Reasonableness is a question of fact. Here, the trial judge studied the warnings and found that they were adequate. However, this issue is not one for the judge to resolve. The jury could reasonably find that a generalized risk of blood clotting in women is not the same as a specific, enhanced risk, applicable to a specific class of individuals with a certain blood type. Defendant argues (and the trial court found) that Wyeth was entitled to the directed verdict because there was no evidence that Dr. Brockington advised decedent of the danger or that he would have relayed a revised warning to her, if the warning had been provided to him by defendant Wyeth. In fact, the record plainly contains the doctor's statement that it was his custom to give his patients such warnings. There was no direct evidence of what he told the patient in this case because he had no recollection of her. However, evidence of his routine practice, though uncorroborated, is relevant to prove the conformity of his conduct thereto. The jury could reasonably infer that, if it had been provided to him, Dr. Brockington would have given a revised warning, that he would have tested decedent's blood coagulation factors, and that her problem was discoverable and her death not inevitable.
Dunn, supra, p 80.
"The proximate cause of an injury has been defined as that which in a natural and continuous sequence, unbroken by any new, independent cause, produces the injury, without which such injury would not have occurred." An act of negligence does not cease to be a proximate cause of the injury because of an intervening act of negligence, if the prior negligence is still operating and the injury is not different in kind from that which would have resulted from the prior act. The courts of this state have held that whether an intervening negligent act of a third person constitutes a superseding proximate cause is a question for the jury. An intervening cause is not an absolute bar to liability if the intervening event is foreseeable, though negligent or even criminal.
Young, supra, 130 Mich. App. 369.
Judged by this standard, it is clear that whether Dr. Johnson's conduct was a superseding cause of the injury was a jury question. Plaintiff admitted by his complaint that Dr. Johnson (and Dr. Brockington, for that matter) was negligent. That is not the point. The court apparently ignored Dr. Brockington's prescription of the medication based on defendant's allegedly inadequate warning and concentrated instead on Dr. Johnson's negligence. However, decedent's use of the drug might have been stopped before she broke her ankle if she had been tested or warned.

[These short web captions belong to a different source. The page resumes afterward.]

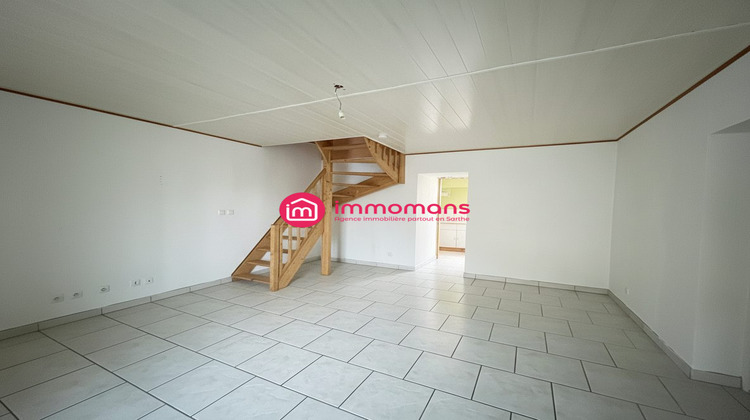 Ma-Cabane - Vente Maison Bonnétable, 67 m²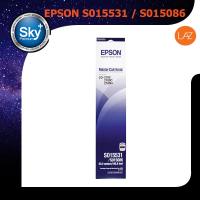 Epson S015531 / S015086 Dot Matrix Printer Ribbon for LQ-2180i / 2190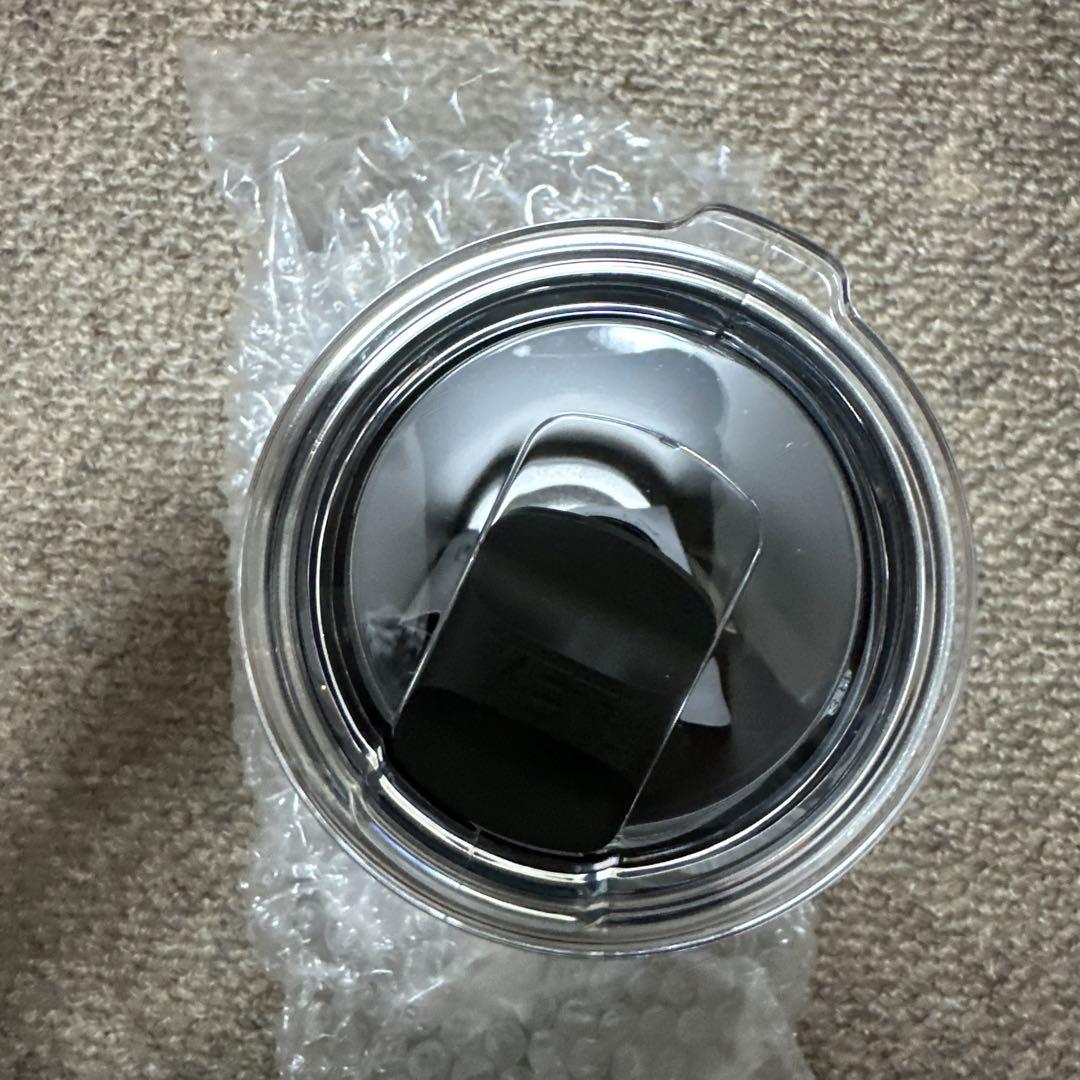 バーベキュー・調理用品 YETI RAMBLER 20oz 600ml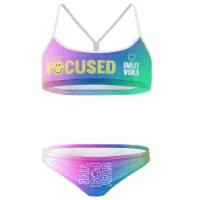 Otso Smileyworld Focused Bikini Otso Smileyworld Focused Bikini
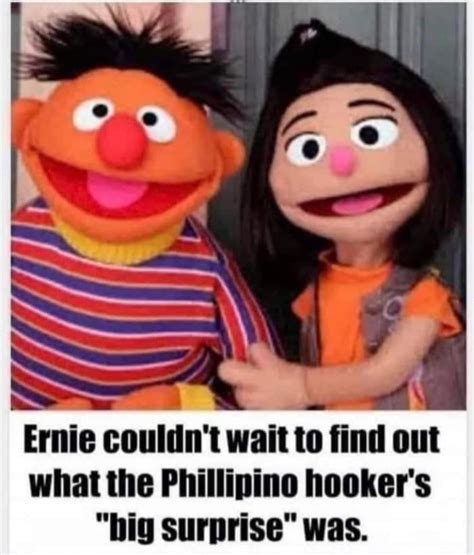 Oh Ernie - 9GAG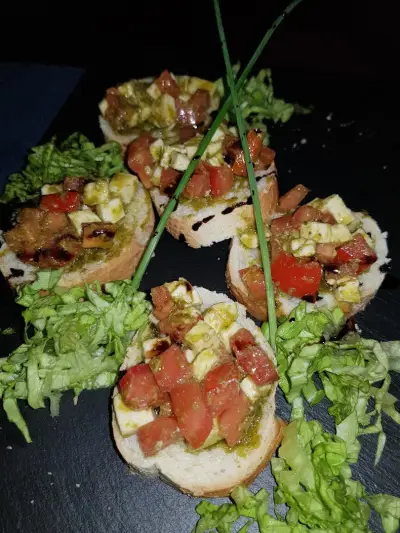 Magic Bar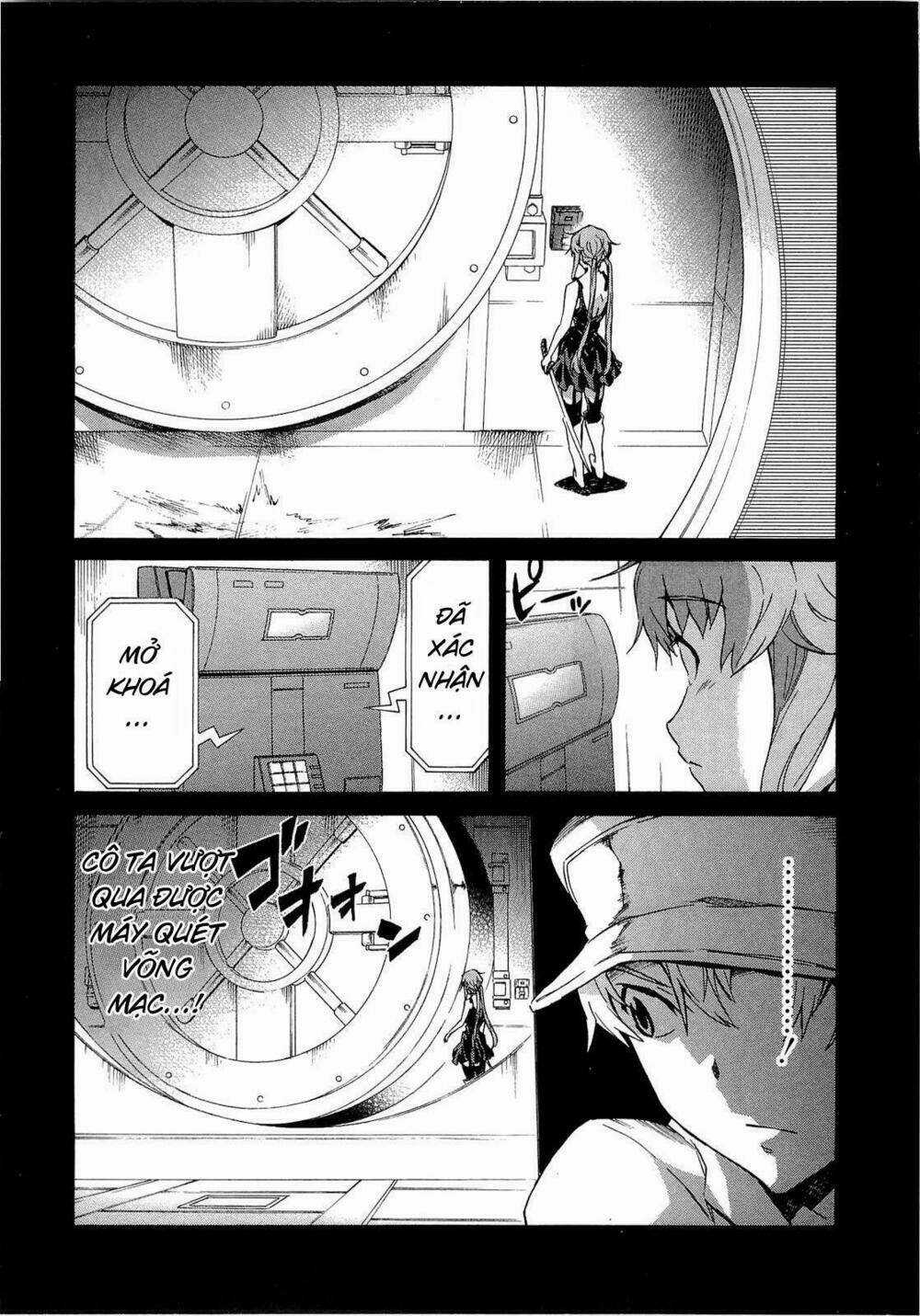 Hoàng Tử Bất Đắc Dĩ Chapter 47 trang 17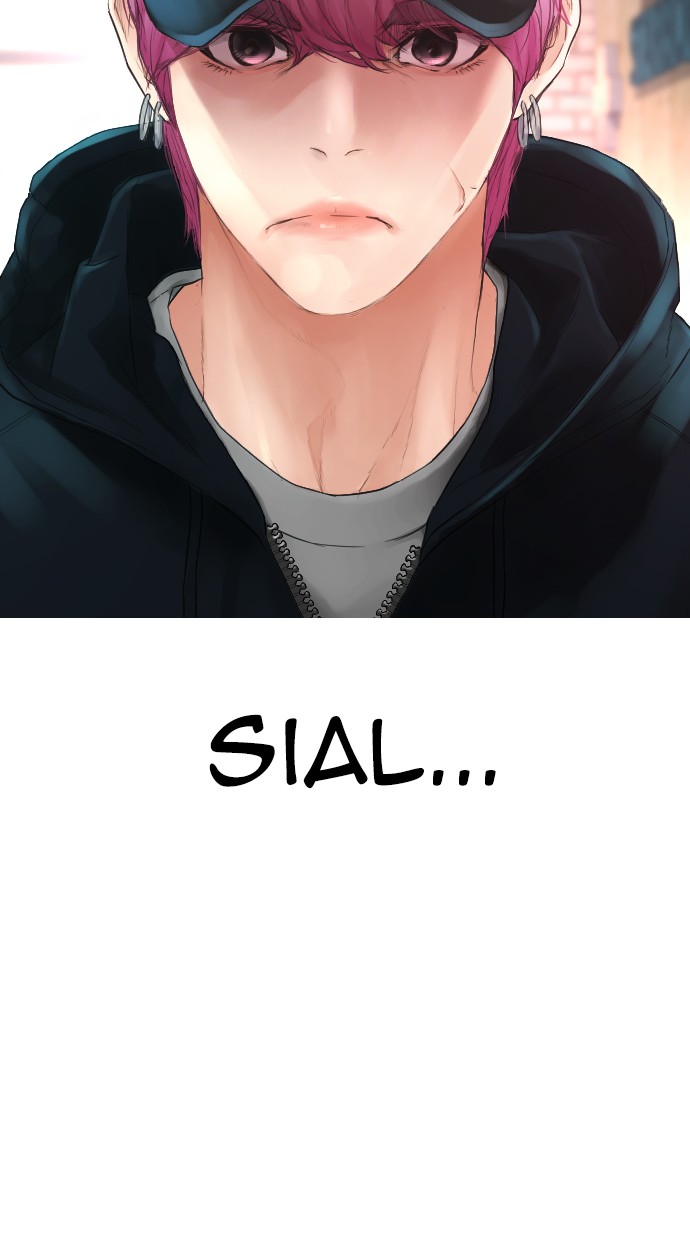 Highschool Lunch Dad Chapter 22 - halaman 104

As in Muilenberg v The Upjohn Co, plaintiff has presented a case in which a jury might find that the prescribing physician was not warned of the drug's side effects with sufficient particularity. In such a situation, the physician, being ignorant of the enhanced risk to women with type A blood, would have no reason to hesitate.
For these reasons, we reverse the trial court's judgment. We hold that plaintiff is entitled to a new trial on each of the claims raised against defendant Wyeth Laboratories.